De opkomst van de euro

Los hiervan hebben verschillende landen besloten een deel van hun valutareserves niet langer aan te houden in dollars, maar in euro's. Hieronder bevinden zich Rusland, China, Taiwan, Canada, Venezuela en Iran dat naar schatting ruim vijftig procent van zijn reserves in euro's aanhoudt. Sinds begin december is Noord-Korea voor zijn internationale betalingen overgestapt van dollars op euro's. Business Week verwacht, dat eind 2003 ongeveer twintig procent van de totale valutareserves zal worden aangehouden in euro's. Onder invloed van al deze bewegingen is de dollar in de afgelopen maanden verder sterk in waarde gedaald en is de olieprijs in dollars verder gestegen.
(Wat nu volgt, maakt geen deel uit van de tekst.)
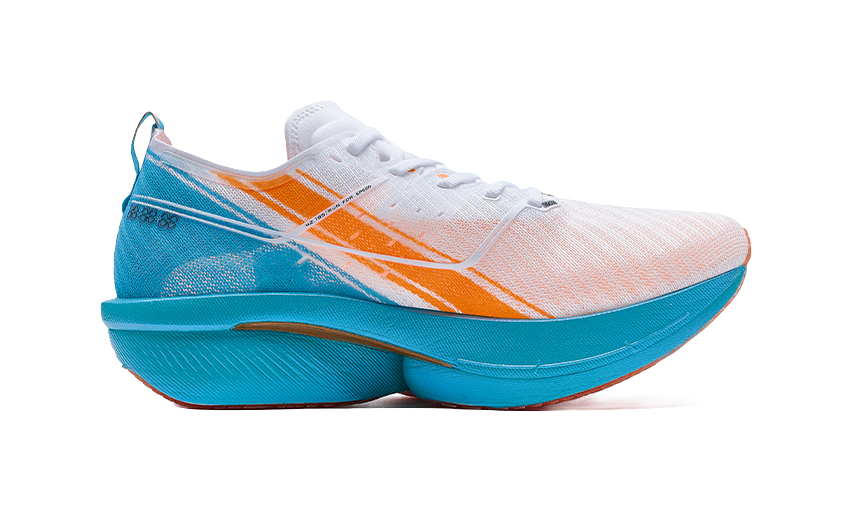 Women's low-top running shoes, white upper with orange stripes and blue heel panel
Het is niet uit te sluiten, dat de economische crisis in de VS hierdoor over kan slaan op de financiële markten met een wereldwijde financiële crisis als gevolg.
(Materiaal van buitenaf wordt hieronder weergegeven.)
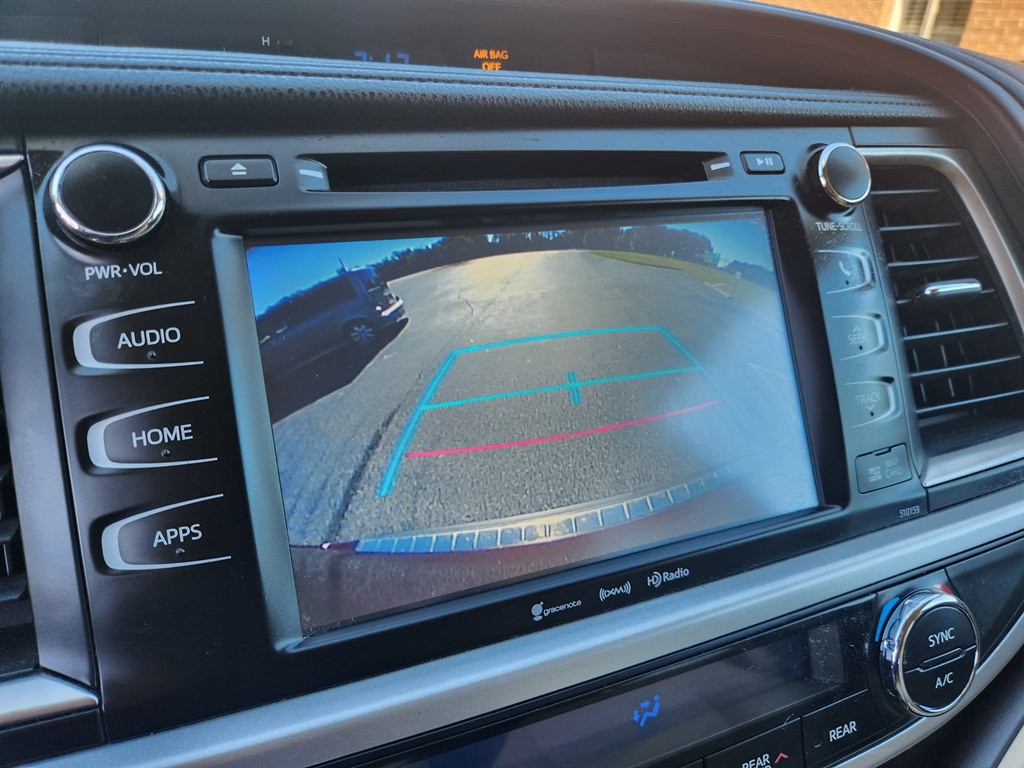 2016 Toyota Highlander Image 22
De strijd om leven en dood

De euro is dus één van de instrumenten waarmee de EU de wereldheerschappij van de VS aanvecht, daarbij gesteund door andere landen die het slachtoffer dreigen te worden van de agressieve politiek van de VS. De strijd tussen de imperialistische machtsblokken om de markten, noodzakelijk gemaakt door de crisis in de wereldeconomie, is in volle gang. In die strijd grijpt de politiek in de VS naar het middel van de oorlog, die mogelijk uit kan draaien op een wereldoorlog. Mensenlevens spelen in die strijd geen enkele rol. De wereldbevolking is op grote schaal de dupe van de kapitaalgroepen die elkaar bestrijden om zelf in de kapitalistische crisis te kunnen overleven. Daarom is aanhoudend verzet tegen de oorlog des te meer noodzakelijk. Geef uitdrukking aan dit verzet, demonstreer mee op 22 maart in Amsterdam!